ALS swiftly convinced him he could no longer meet those demands. Wozniak had already hired a part-time coach, Joe DiLeo, for whom baseball is also heart and soul. A few months ago, Crawley quietly approached Wozniak and said, “I think maybe Joe should take this job.”
Crawley is hardly retired. He will return to coach at Depew this season – "There are student-athletes who might not have graduated without his influence on them off the diamond," said athletic director Robert Skoczylas – and he remains at the Athlete Factory as a coach and volunteer. But Crawley is frank about the magnitude of what he lost.
“The one job I wanted forever,” he said of the Inferno, “and now I can’t do it.”
He took a breath, then willed himself to shift perspective. Here it is – seven months past diagnosis – and he is still driving his truck. Not long ago, he went out and hit golf balls on an unusually warm February day with the childhood buddies from South Buffalo who remain his closest friends.

Dennis Crawley golfs with childhood friends Jay Drenning, Jason Wade and David Roncone at Glen Oak on Sunday, Aug. 22, 2021.
All told, Myers said Crawley "is doing considerably better than expected."
Crawley is not one for nuance, for gentle negotiation, which kicks off sparks sometimes, even with those he loves. He knew Jen when she was a kid and he delivered the paper to her house, and the childhood crush she had on the paper boy exploded into romance when they met again, in their 20s.

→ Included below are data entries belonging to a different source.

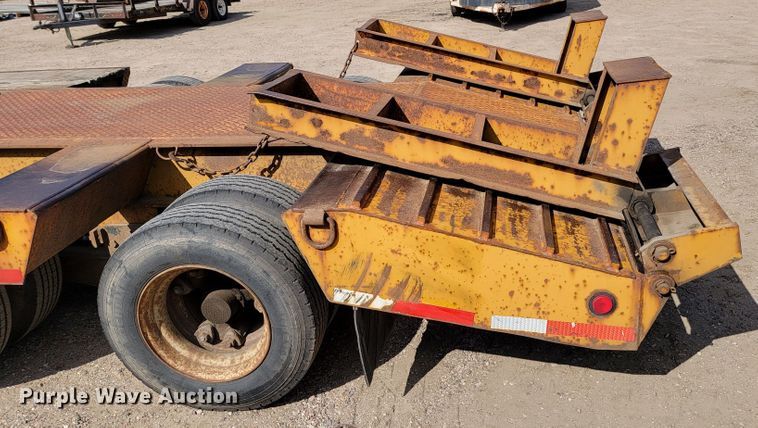 image for item JC9640 1994 Etnyre  equipment trailer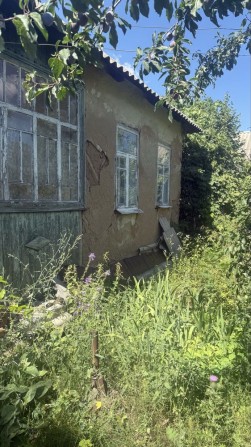 Продам участком с ветхим домиком в Коротыче - фото 1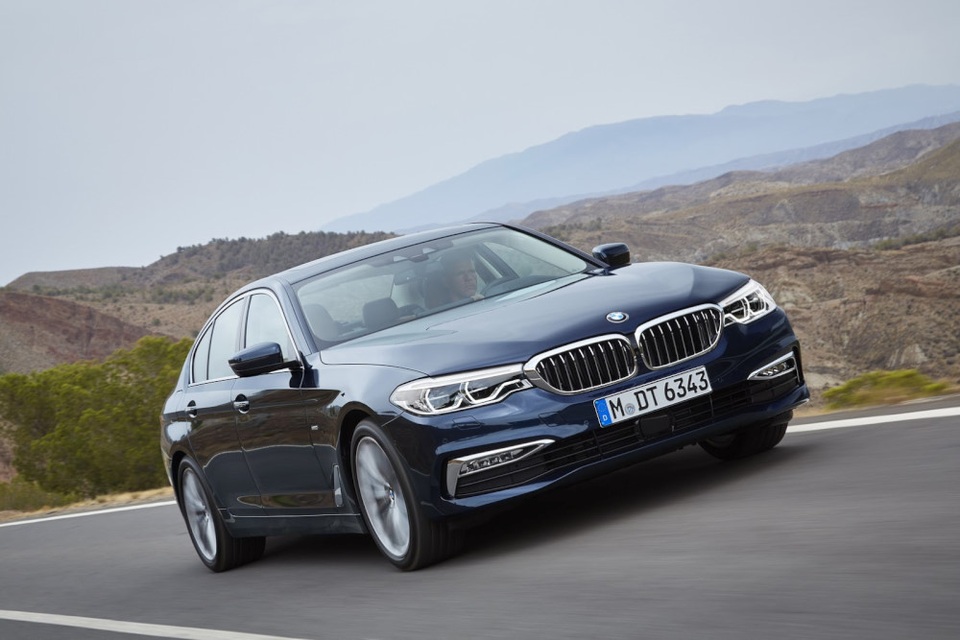 BMW 5-Series thế hệ mới chính thức ra mắt - 5 BMW 5-Series thế hệ mới chính thức ra mắt - 5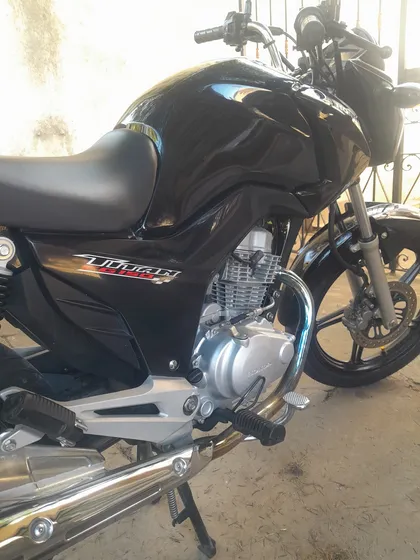 Vendo Cg New Titan 2018 5500 Km Reales Excelente Estado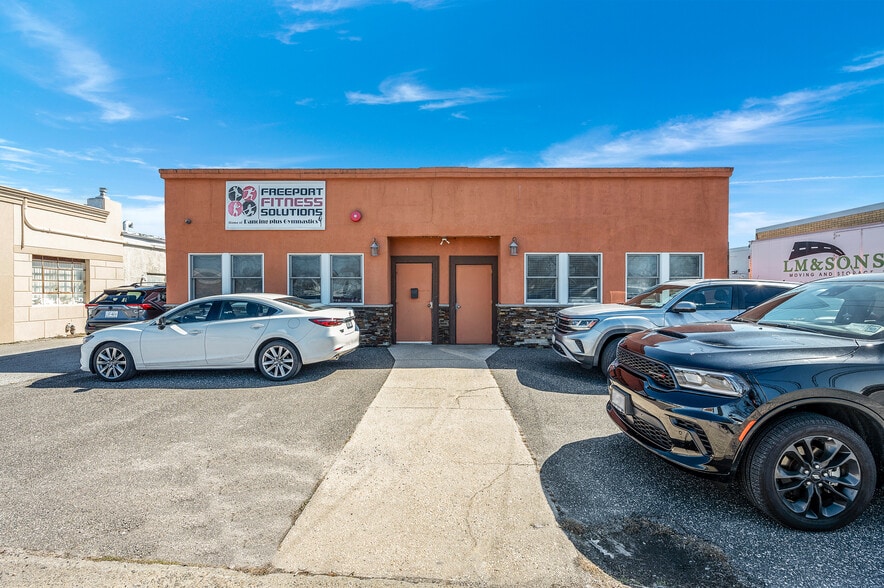 More Photos Of 27 Hanse Ave, Freeport Manufacturing For Sale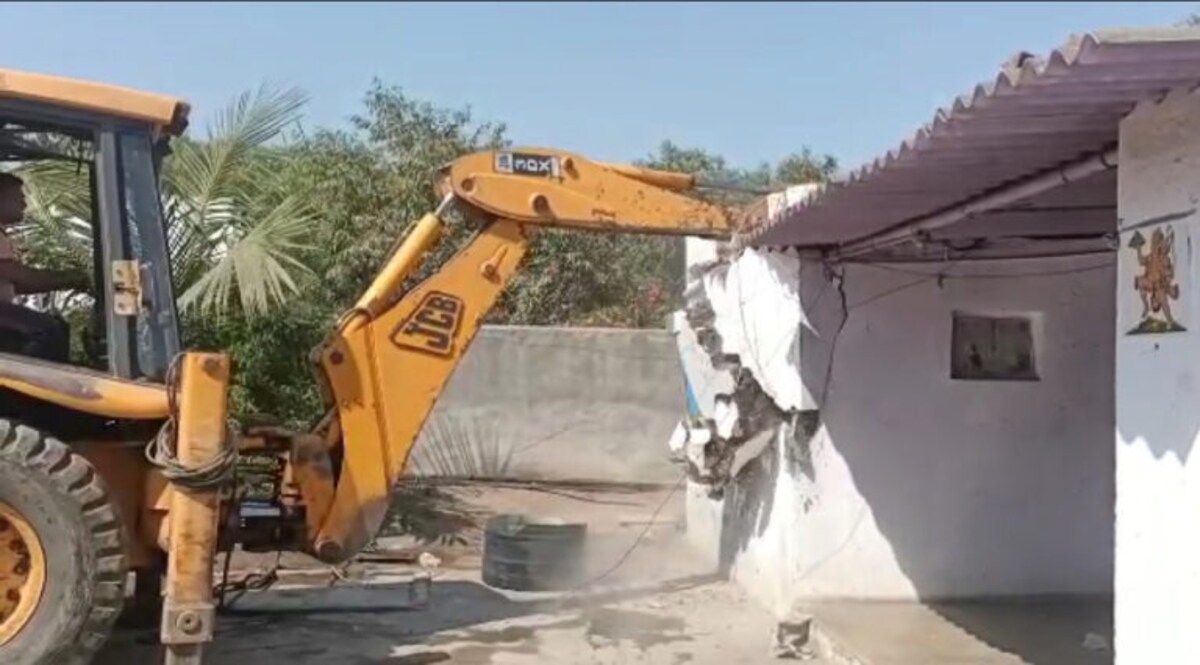 વડોદરા બાદ ભાવનગરમાં ફર્યું દાદાનું બુલ્ડોઝરઃ કરોડોની જમીન પર મેગા ડિમોલિશન gujarattak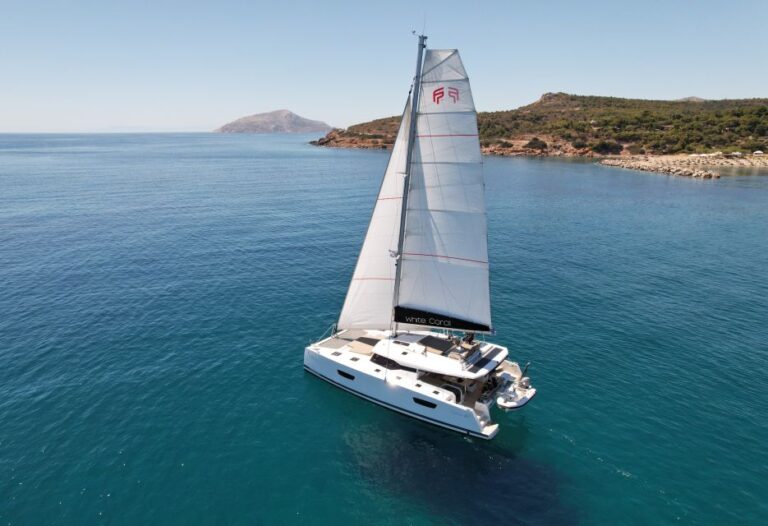 Mykonos: Catamaran Cruise With 3-Course Meal and Transfers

Dennis Crawley and his wife, Jen, take one more look around their now empty home in Depew before they finalize the move to their new home in West Seneca.
In June, they celebrate that 25th anniversary. Crawley said he has a new understanding of the most precious of gifts, how in a world where things can unravel or go wrong so quickly, nothing means as much as being able to bring your family together at one table.
Justin is now a police officer in Charlotte, N.C., while Ashley is a graduate student in mental health counseling who also works full time, driven by a ferocious ethic she saw in her father. Both have their own emblematic stories, such as when Justin describes a day when he played shortstop in MUNY ball and his dad suited up to pitch a couple of innings, just so father and son could be together on the field.

Dennis Crawley holds his daughter Ashley's hand.
Ashley remembers playing in a teenage softball tournament in Watertown while Crawley was at a faraway tourney in the Carolinas – and how she looked up, just before a game, to see her dad climbing out of his truck after driving straight back.
“It’s baseball and his family,” Jen said of her husband, who now makes himself available for any ALS test or study, conscious of doing anything he can that might someday help his children or grandchildren.
As each day becomes a step into the hardest kind of knowledge, a great childhood hero feels less and less like history and instead takes form as a true presence. Crawley, who began collecting Gehrig memorabilia as a kid, is especially conscious of how the great first baseman carried himself in 1938. Gehrig was already suffering from what the doctors would later identify as ALS. Even as he felt strength draining from his body, he somehow batted .295 with 29 home runs.
Dan Joseph, whose book “Last Ride of the Iron Horse” chronicles those challenges, considers it one of the highest examples of grace and courage in baseball history.
“How do you hit 95 mph fastballs when your body is breaking down?” Joseph said. “You have to have incredible will to keep moving forward.”
Eighty-four years later, Dennis Crawley is having that kind of season.
Dennis Crawley Jr., who was recently diagnosed with ALS, plays his final round of golf with his best friends at Glen Oak Golf Course.